Search the data for "Luxury". Each line containing it is to be copied.

· · · ·

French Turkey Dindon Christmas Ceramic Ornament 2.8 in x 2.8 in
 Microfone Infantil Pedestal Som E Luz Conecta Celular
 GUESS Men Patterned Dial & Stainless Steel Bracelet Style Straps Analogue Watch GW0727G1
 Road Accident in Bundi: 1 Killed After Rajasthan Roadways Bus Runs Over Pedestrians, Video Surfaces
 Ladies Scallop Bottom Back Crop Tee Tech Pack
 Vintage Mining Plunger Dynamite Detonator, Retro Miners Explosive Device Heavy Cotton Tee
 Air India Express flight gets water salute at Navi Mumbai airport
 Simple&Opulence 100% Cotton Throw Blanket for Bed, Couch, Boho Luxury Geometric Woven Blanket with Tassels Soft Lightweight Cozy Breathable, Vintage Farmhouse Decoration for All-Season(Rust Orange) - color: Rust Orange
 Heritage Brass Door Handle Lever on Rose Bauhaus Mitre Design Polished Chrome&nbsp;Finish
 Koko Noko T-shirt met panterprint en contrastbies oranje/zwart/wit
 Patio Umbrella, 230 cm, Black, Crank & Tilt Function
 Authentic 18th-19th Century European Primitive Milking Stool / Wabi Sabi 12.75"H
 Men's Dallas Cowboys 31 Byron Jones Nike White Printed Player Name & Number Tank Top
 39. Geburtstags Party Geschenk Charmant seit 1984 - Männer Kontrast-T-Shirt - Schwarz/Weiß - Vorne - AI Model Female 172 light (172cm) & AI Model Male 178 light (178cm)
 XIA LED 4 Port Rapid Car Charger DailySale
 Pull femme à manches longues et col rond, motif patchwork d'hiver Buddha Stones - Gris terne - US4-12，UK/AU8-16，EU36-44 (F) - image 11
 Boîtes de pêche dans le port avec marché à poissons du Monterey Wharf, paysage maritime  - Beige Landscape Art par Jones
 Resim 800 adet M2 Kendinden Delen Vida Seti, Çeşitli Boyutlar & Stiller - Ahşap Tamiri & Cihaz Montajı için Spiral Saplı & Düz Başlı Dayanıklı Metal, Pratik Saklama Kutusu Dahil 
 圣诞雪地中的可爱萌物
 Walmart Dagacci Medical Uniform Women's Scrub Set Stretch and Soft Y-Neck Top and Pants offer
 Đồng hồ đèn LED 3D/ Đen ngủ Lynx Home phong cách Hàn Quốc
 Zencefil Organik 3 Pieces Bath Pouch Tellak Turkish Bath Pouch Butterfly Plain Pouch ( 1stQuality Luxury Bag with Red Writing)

· · · ·

SOLUTION TO THE EXERCISE:
 Simple&Opulence 100% Cotton Throw Blanket for Bed, Couch, Boho Luxury Geometric Woven Blanket with Tassels Soft Lightweight Cozy Breathable, Vintage Farmhouse Decoration for All-Season(Rust Orange) - color: Rust Orange
 Zencefil Organik 3 Pieces Bath Pouch Tellak Turkish Bath Pouch Butterfly Plain Pouch ( 1stQuality Luxury Bag with Red Writing)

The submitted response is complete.